Looks like it launches the kernels layer by layer sequentially, but I heard that launching CUDA kernel is asynchronous, so CPU thread does not wait for the kernel to be completed.
So, could someone explain to me how these kernels can be launched asynchronously? In other words, how can the kernel for layer N be launched without waiting for the result from the layer N-1? Thanks!
The kernels are launches on the same CUDAStream and will thus be executed in order. The execution is still asynchronous and the CPU can thus run ahead and enqueue the next kernel without blocking on the return value.
If you are using e.g. data-dependent control flow (e.g. by checking a value of an output tensor in a condition) PyTorch will synchronize for you, since the actual return value is needed to select the next code execution path.
I have a follow-up question on that:
The overhead for the host thread to launch (enqueue) kernels to the CUDAStream is bigger when GPU is busy? I observe that the time for each step varies quite a lot depending on whether I run cuda.synchronize() in each iteration. Here is the details.
This is the iteration code I’m trying (I run it without enabling the nsys profiler):
Here, I observe that launching kernels for forward propagation takes ~17ms, and for gradient computation takes ~16ms.
It looks quite weird to me that asynchronous kernel launches (i.e., without waiting for the kernel completion) take very different times depending on the GPU’s state. Could you kindly give me any insight on this? Thanks a lot!
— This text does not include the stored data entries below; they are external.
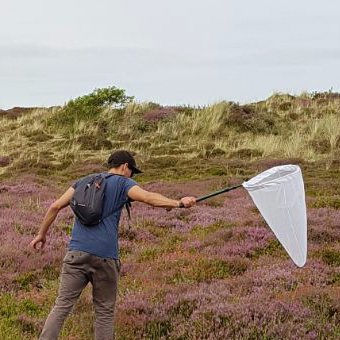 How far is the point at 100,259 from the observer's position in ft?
20.4

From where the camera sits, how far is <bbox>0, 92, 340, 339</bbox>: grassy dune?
7.23m

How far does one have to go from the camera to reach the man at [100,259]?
6.20 metres

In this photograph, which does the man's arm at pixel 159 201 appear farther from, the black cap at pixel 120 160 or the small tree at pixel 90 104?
the small tree at pixel 90 104

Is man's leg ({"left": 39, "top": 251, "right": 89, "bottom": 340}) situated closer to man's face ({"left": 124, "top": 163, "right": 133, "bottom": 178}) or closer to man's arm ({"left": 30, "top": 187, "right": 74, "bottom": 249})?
man's arm ({"left": 30, "top": 187, "right": 74, "bottom": 249})

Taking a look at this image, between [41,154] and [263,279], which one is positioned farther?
[41,154]

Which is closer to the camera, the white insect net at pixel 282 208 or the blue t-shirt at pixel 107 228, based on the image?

No, I don’t think that should be the case.
I would not dive into your profiling results as you interpreting profiling results without proper synchronizations is invalid and might be too confusing since you would need to “know” where the code would naturally synchronize.
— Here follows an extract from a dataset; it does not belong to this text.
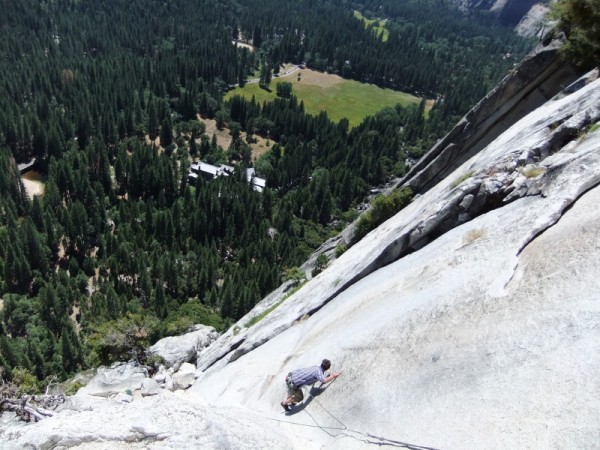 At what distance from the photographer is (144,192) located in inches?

If you are concerned about the kernel launch times, profile the code with Nsight Systems and check where the kernel launches are vs. their execution and how long each step takes.
Does it means that the PyTorch does naturally synchronize sometimes even without explicit cuda.synchronize() call?
Could you give me some typical example cases where the natural synchronizations happen?
Thanks!
Yes, some operations are performing computations on the CPU e.g. in tensor.nonzero(), each print(cuda_tensor) statement (since the CPU needs to read the actual value), memcopies if non_blocking=False and thus pageable memory is used, every control flow which needs to read tensor values (e.g. if (cuda_tensor > 0).all()).
Btw. if you are interested in reducing the kernel launch overheads (which would be especially beneficial if your actual GPU workload is small compared to the launches) you could check the CUDA Graphs util.